In the interim between the cross, on the one hand, and God's new heaven and new earth in which only righteousness dwells--free of sin and unrighteousness forever (Re 21:1), on the other hand, there is the Church Age. While Satan and his minions have been stripped of their armor (which is perhaps a better description of what Paul meant by his term "disarmed" in Colossians 2:15) and are thus subject to Christ and His Church in a way that could not and would not have been possible apart from the death and resurrection of Christ, they are not totally impotent.
Today, God is in the process of building His Church Universal, of which Jesus said,
" . . . and on this rock [i.e., that Jesus is the Christ, the Son of the living God] I will build my church, and the gates of Hell will not overcome it" (Mt 16:15-18).
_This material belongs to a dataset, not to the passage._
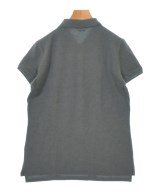 Polo Ralph Lauren（ポロラルフローレン）ポロシャツ グレー サイズ:L レディース/2200712968218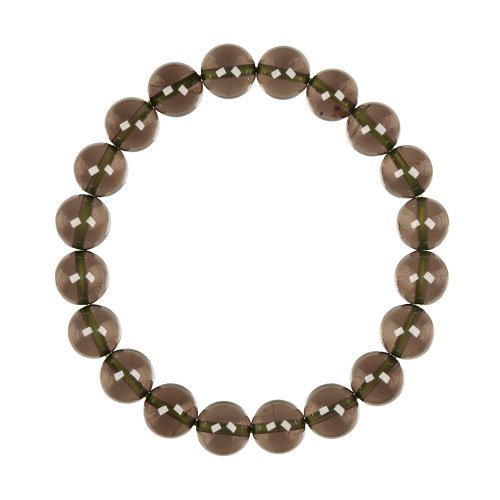 正佳珠寶 Gemsrich Jewelry 【正佳珠寶】天狼星隕石 頂級超淨體 9.8-10.3mm 亞利桑那天狼星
In a sense (and covenant theologians may disagree with me on this point), the Church Age had its beginning on the day of Pentecost, and it will have its consummation at the wedding feast of the Lamb, where Christ's bride, the Church, will be united to her groom in an eternal marriage. That marriage is an "arranged" marriage, by the way, and it was arranged in eternity past by an all wise and all loving God who in love is calling out from the world that is temporarily under the influence of its god--small G--a people from every tongue and tribe who by obeying the gospel of His Son are destined for glory in heaven forever.
Remember, a god with a small G is no match for God with a capital G. The teaching of Scripture is clear: the ultimate defeat in time and space of the god of this world system (< Gk. cosmos) is assured, and the defeat of the various gods/idols he offers humanity, which are in reality no gods, is also assured. In the meantime God is building His Church one living stone at a time, until the superstructure, which is based on Christ, the chief cornerstone, is completed (1 Pe 2:4-10).
That Church--a spiritual house, a holy priesthood, a chosen people, a royal priesthood, a people belonging to God--is being called out of darkness and into God's wonderful light. Until the last living stone is finally added to the Church, God's people still have to struggle with the world system and its many idols, all of which are summed up in John's big three:
"the lust of the flesh, the lust of the eyes, and the pride of life" (1 Jn 1:15-17).
Christ's Church, however, will ultimately be victorious, and we have Jesus' word on it (Mt 16:17)!